== REQUIRED WORK ==
Although the entries contain pictures, write out only their text, exactly as it stands.

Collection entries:
⟨

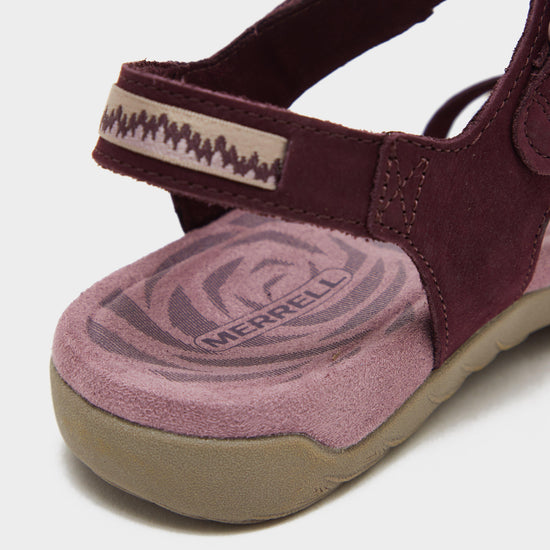 Women's Terran 3 Cush Cross Sandals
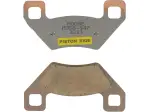 Vorder-/Hinter-Sinterbremsbeläge XCR - Arctic Cat (Textron) 250 2x4 / TBX 700 GT / Kymco MXU 450 I / UXV 700 I - Moose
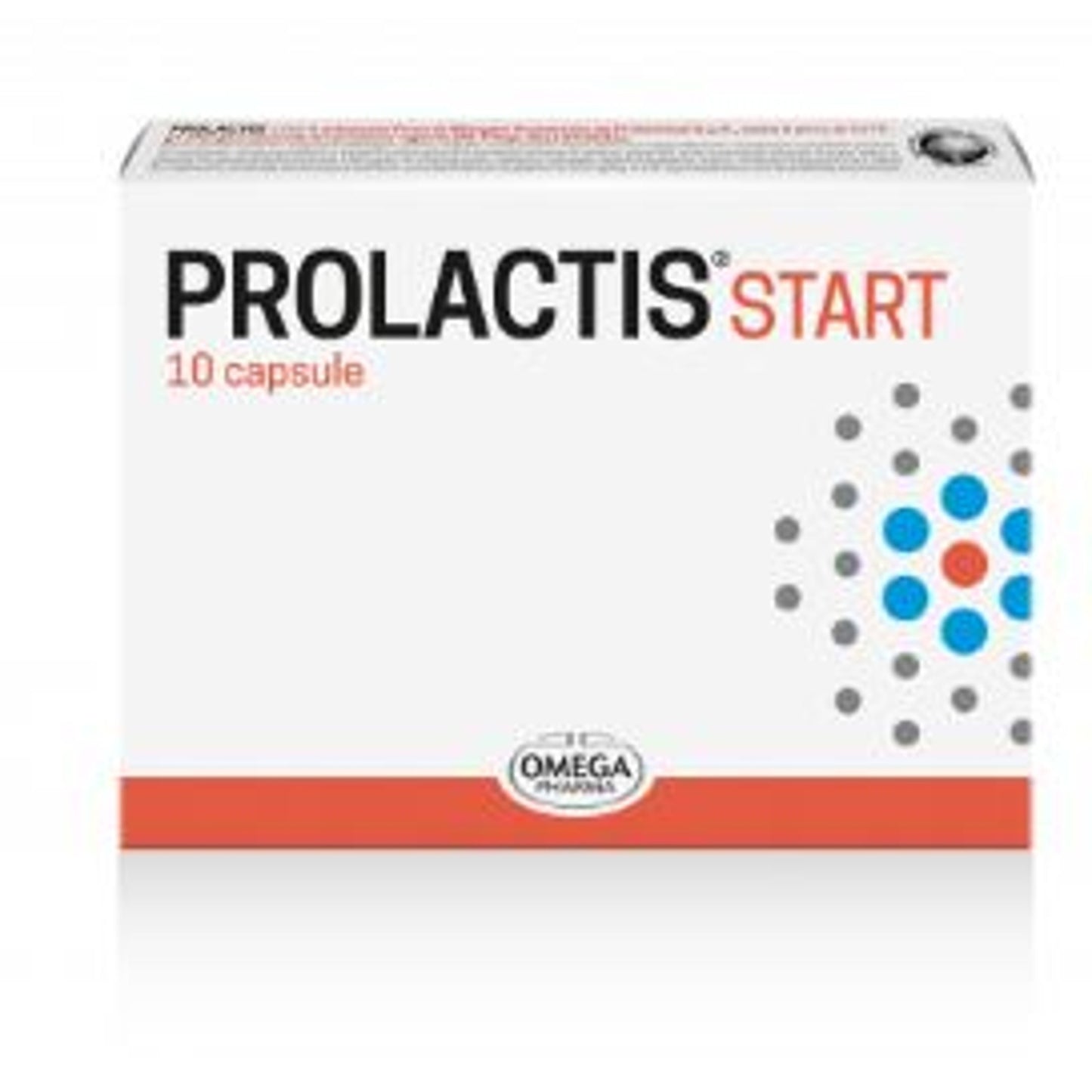 Prolactis Start 10 Capsule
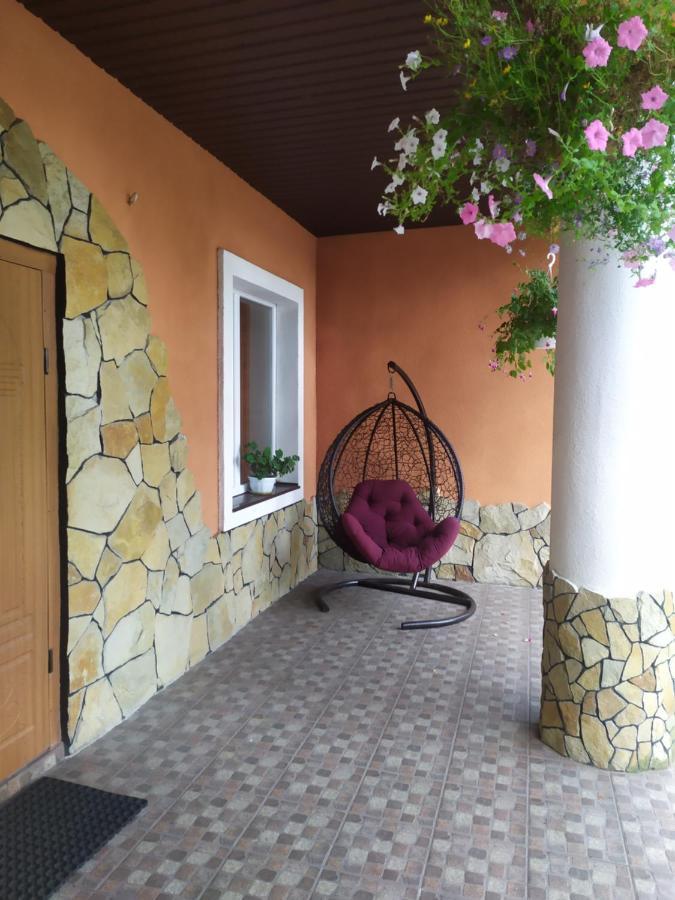 Hotel Білий Птах Svityaz' Exterior foto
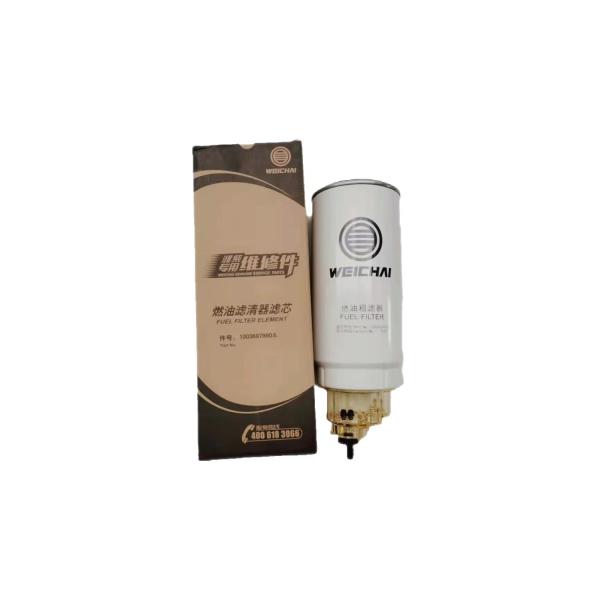 Centrifugal Oil Filter 612600081335 for Weichai Truck Diesel Engine Perfect Replacement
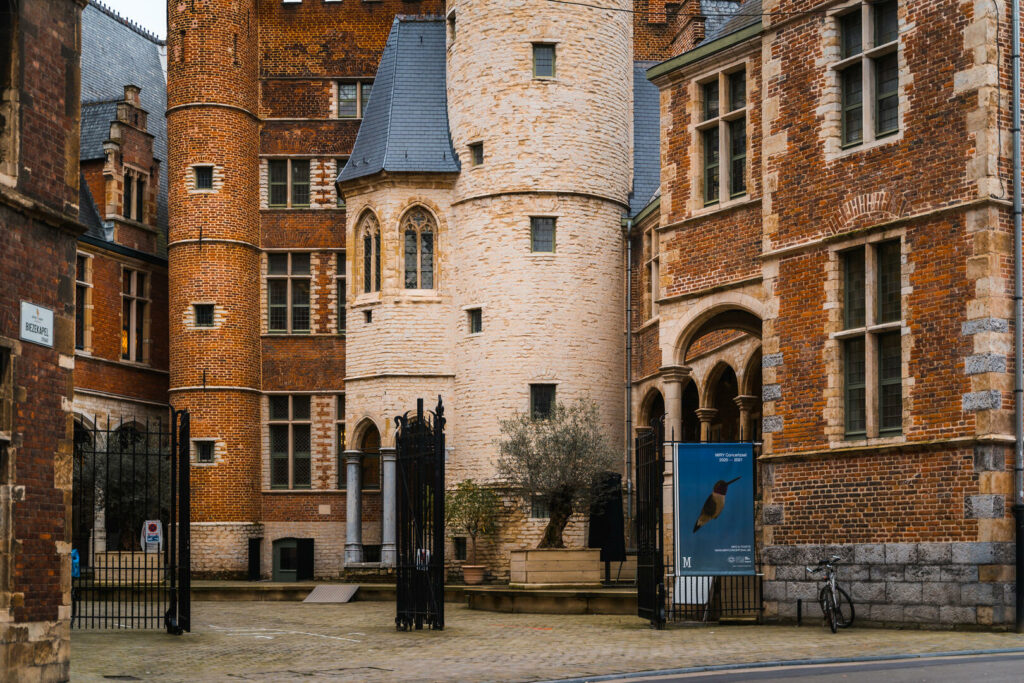 Hidden Belgium: De Achtersikkel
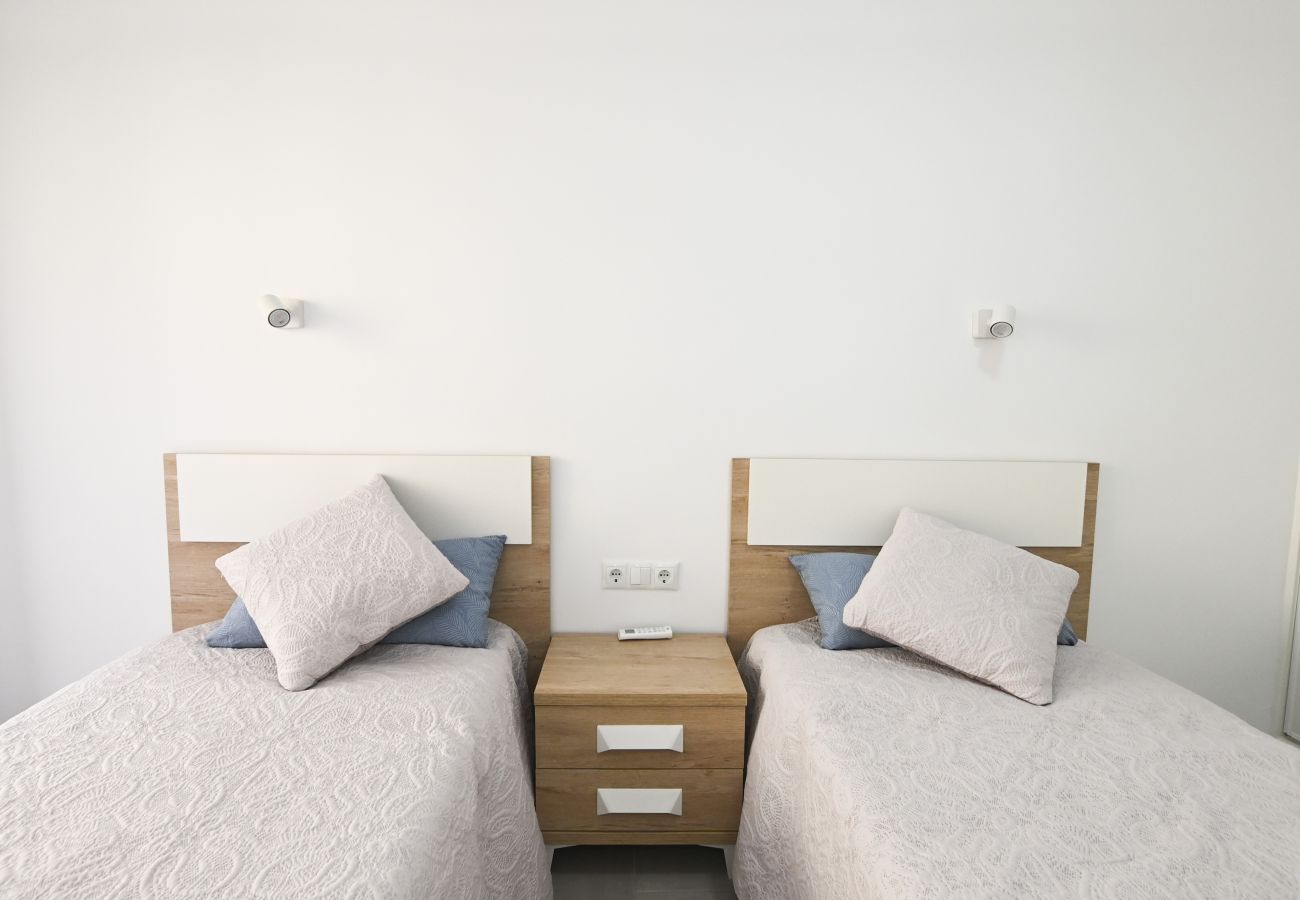 Apartamento en Calpe - A10 ACUARIO 3º C
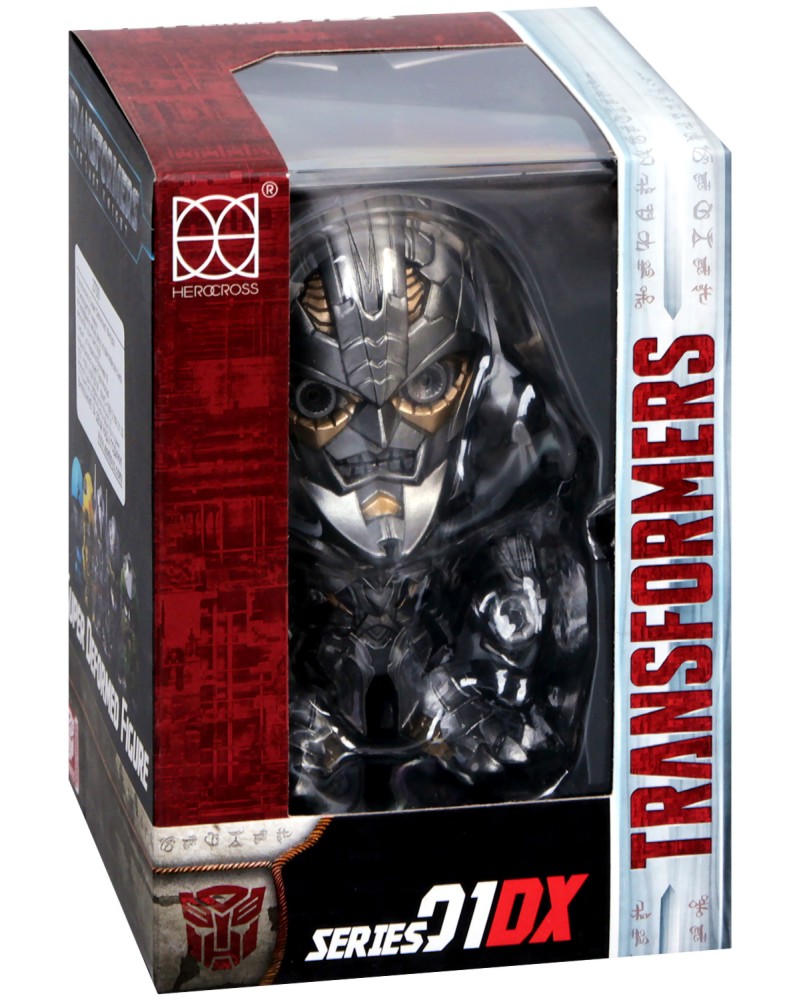    Megatron - Hasbro -    - 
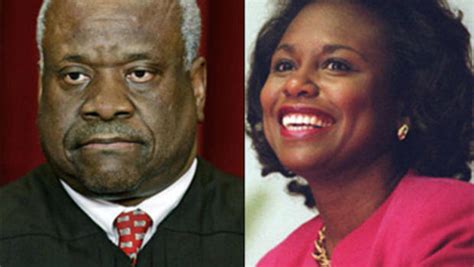 Anita Hill vs. Clarence Thomas: The Backstory - CBS News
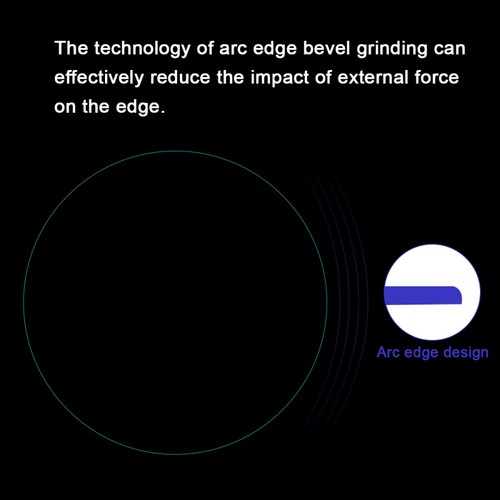 6 PCS Screen Protector for Watch Bildschirmschutz Gehärtete Glasfolie Ansehen - 第 2/12 張圖片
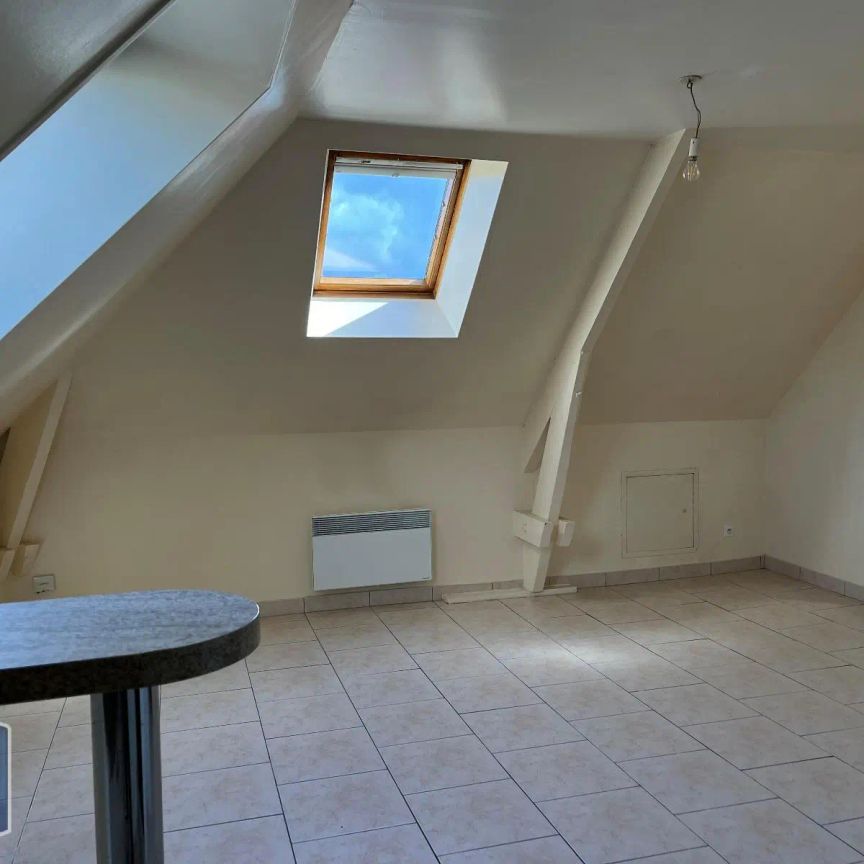 Appartement à louer 2 pièces 34.53m² - Photo 1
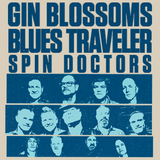 Blues Traveler/Gin Blossoms with Spin Doctors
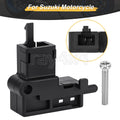 Waterproof Left Clutch Switch for Suzuki GSX-S750 (2015–2023) GSX-S1000 (2018–2024)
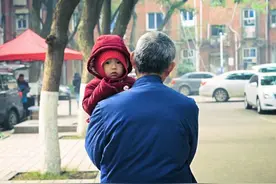 儿子长得像爷爷，爸爸不放心去做鉴定，赢了结果却输了家庭图片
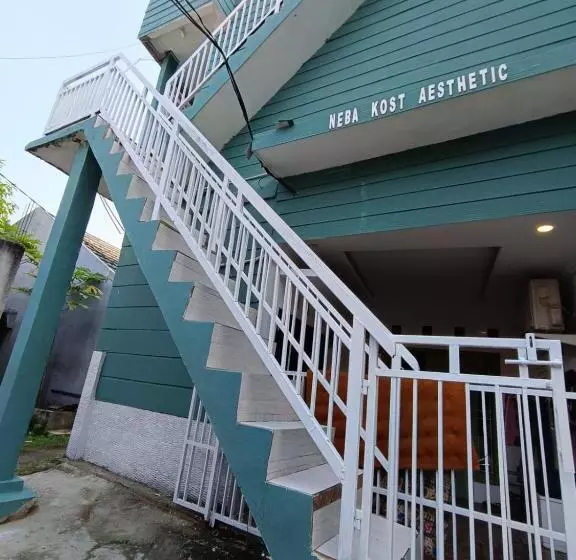 Hotelli Oyo Life 92977 Neba Kost Aesthetic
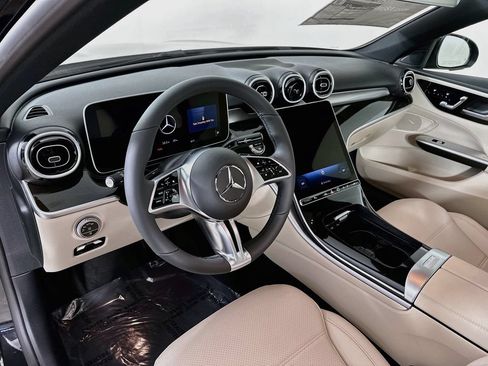 Certified 2026 Mercedes-Benz C 300 4MATIC Sedan image 9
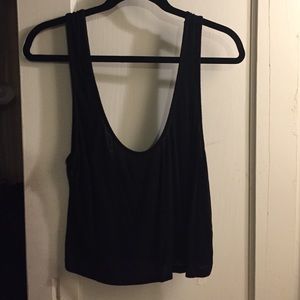 Brandy Melville Crop Tank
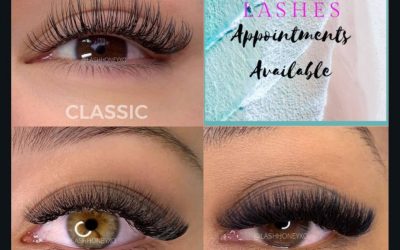 Winx Lashes by Amy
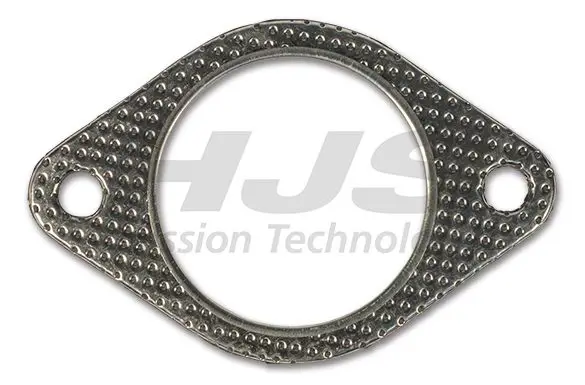 Handler.Part Gasket, exhaust pipe HJS 83157157 1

⟩

== FINAL ANSWER ==
 Women's Terran 3 Cush Cross Sandals
 Vorder-/Hinter-Sinterbremsbeläge XCR - Arctic Cat (Textron) 250 2x4 / TBX 700 GT / Kymco MXU 450 I / UXV 700 I - Moose
 Prolactis Start 10 Capsule
 Hotel Білий Птах Svityaz' Exterior foto
 Centrifugal Oil Filter 612600081335 for Weichai Truck Diesel Engine Perfect Replacement
 Hidden Belgium: De Achtersikkel
 Apartamento en Calpe - A10 ACUARIO 3º C
    Megatron - Hasbro -    - 
 Anita Hill vs. Clarence Thomas: The Backstory - CBS News
 6 PCS Screen Protector for Watch Bildschirmschutz Gehärtete Glasfolie Ansehen - 第 2/12 張圖片
 Appartement à louer 2 pièces 34.53m² - Photo 1
 Blues Traveler/Gin Blossoms with Spin Doctors
 Waterproof Left Clutch Switch for Suzuki GSX-S750 (2015–2023) GSX-S1000 (2018–2024)
 儿子长得像爷爷，爸爸不放心去做鉴定，赢了结果却输了家庭图片
 Hotelli Oyo Life 92977 Neba Kost Aesthetic
 Certified 2026 Mercedes-Benz C 300 4MATIC Sedan image 9
 Brandy Melville Crop Tank
 Winx Lashes by Amy
 Handler.Part Gasket, exhaust pipe HJS 83157157 1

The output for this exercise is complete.